**Activity:**
When the line with "Molino Del Prato" appears below, start repeating lines exactly, and keep going through the line with "HD 18 Fighter"; add nothing outside that span.

**Data supplied:**
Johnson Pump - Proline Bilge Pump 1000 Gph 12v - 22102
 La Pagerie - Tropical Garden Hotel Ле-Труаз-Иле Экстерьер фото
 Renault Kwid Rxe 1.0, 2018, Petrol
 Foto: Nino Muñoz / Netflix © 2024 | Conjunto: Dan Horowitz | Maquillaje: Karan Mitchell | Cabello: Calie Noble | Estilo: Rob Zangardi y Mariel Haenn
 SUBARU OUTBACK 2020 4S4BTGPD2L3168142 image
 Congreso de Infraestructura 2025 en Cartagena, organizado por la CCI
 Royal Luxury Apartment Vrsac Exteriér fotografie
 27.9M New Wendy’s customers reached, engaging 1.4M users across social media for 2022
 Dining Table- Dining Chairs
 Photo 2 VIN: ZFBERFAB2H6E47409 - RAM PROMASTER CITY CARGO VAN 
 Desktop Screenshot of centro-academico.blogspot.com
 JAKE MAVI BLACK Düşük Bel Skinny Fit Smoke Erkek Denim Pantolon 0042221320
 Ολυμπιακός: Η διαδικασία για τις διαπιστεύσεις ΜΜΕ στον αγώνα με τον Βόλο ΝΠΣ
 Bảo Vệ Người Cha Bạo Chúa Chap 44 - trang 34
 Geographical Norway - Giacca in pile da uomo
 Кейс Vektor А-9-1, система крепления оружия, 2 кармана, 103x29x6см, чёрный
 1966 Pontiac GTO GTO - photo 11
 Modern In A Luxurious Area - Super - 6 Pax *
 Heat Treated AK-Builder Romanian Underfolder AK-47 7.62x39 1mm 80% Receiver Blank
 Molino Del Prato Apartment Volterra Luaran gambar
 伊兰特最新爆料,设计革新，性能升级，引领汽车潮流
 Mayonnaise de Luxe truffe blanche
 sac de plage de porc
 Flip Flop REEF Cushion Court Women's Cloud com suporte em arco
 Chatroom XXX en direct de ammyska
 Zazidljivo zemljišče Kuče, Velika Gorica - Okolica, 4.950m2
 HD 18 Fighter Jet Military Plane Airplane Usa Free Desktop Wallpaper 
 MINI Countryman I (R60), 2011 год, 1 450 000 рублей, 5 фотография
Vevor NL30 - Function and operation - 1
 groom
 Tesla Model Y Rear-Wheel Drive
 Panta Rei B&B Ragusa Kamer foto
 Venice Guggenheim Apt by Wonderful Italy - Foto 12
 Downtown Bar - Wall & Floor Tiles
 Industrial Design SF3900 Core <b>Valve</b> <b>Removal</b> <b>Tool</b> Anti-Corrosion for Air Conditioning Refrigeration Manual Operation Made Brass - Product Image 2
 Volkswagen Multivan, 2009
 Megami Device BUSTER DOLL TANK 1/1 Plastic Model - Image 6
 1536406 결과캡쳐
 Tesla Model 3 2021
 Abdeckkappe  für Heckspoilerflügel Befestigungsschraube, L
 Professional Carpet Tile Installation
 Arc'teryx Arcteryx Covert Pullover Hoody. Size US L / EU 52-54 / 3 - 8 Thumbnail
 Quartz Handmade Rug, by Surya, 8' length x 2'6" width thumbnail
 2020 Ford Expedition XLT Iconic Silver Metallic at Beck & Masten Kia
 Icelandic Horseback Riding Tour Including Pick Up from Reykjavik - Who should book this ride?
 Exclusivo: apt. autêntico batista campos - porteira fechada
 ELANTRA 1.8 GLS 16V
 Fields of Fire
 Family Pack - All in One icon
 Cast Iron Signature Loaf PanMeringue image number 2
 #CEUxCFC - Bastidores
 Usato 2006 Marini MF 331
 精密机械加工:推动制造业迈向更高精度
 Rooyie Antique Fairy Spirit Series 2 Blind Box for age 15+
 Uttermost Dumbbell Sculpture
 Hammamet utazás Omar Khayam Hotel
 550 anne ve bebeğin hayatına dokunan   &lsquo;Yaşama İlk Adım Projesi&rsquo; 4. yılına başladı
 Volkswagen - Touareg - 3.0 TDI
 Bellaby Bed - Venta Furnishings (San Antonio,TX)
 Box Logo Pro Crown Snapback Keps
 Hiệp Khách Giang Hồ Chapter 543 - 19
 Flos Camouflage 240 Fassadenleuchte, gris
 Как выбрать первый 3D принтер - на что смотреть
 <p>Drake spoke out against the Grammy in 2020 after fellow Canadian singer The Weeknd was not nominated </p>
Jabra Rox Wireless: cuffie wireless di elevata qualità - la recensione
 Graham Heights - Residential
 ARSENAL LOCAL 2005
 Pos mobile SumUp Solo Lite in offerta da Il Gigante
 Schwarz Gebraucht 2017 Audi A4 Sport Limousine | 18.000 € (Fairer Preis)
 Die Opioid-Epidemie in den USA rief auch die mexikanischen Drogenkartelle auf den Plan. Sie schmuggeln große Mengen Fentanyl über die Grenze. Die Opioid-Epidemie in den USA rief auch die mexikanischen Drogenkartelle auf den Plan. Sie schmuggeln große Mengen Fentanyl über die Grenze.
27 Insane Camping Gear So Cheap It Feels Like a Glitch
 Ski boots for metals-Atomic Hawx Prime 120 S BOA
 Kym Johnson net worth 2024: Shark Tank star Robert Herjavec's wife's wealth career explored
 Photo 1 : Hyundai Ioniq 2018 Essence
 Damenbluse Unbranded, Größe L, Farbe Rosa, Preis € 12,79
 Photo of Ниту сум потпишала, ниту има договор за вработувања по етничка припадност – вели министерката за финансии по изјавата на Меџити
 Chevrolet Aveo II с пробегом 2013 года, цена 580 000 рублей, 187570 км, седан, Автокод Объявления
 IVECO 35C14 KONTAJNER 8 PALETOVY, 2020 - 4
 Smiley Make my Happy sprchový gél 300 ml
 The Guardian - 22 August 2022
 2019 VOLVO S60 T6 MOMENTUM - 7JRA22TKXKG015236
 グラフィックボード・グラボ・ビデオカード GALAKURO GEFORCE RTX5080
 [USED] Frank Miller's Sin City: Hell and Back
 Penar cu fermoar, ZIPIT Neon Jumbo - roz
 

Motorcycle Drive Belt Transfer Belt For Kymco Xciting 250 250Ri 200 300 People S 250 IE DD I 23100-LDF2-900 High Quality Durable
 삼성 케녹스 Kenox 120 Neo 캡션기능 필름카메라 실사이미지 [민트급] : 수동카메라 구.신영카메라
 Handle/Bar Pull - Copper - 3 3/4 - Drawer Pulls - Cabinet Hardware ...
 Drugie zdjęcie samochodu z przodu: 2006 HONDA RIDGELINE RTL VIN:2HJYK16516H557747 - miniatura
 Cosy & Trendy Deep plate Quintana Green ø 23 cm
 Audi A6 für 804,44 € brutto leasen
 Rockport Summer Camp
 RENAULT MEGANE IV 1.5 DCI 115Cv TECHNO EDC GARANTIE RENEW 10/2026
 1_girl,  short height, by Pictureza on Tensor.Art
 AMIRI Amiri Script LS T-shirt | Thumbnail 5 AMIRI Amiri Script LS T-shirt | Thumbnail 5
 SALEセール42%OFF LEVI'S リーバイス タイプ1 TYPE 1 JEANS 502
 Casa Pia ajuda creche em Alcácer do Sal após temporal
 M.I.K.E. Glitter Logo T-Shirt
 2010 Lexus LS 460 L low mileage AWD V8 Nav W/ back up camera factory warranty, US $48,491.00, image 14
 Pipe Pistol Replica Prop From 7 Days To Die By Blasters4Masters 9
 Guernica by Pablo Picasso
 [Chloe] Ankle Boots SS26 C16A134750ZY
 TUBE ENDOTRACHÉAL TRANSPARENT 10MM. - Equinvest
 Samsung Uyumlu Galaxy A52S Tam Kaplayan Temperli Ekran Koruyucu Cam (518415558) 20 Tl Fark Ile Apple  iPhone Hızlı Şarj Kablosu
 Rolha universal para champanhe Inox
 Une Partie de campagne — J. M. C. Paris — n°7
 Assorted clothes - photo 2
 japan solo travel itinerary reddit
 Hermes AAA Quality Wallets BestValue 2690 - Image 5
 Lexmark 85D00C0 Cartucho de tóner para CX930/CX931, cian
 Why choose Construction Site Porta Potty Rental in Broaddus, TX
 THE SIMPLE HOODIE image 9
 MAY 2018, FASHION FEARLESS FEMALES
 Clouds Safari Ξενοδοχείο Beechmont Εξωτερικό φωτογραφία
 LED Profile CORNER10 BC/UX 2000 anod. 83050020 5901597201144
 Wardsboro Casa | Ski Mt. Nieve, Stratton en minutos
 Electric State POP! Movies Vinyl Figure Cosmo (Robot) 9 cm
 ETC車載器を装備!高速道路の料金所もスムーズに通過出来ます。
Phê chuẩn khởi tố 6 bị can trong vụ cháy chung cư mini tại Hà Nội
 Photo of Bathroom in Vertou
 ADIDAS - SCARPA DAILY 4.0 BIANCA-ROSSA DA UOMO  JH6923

**Reply:**
 Molino Del Prato Apartment Volterra Luaran gambar
 伊兰特最新爆料,设计革新，性能升级，引领汽车潮流
 Mayonnaise de Luxe truffe blanche
 sac de plage de porc
 Flip Flop REEF Cushion Court Women's Cloud com suporte em arco
 Chatroom XXX en direct de ammyska
 Zazidljivo zemljišče Kuče, Velika Gorica - Okolica, 4.950m2
 HD 18 Fighter Jet Military Plane Airplane Usa Free Desktop Wallpaper 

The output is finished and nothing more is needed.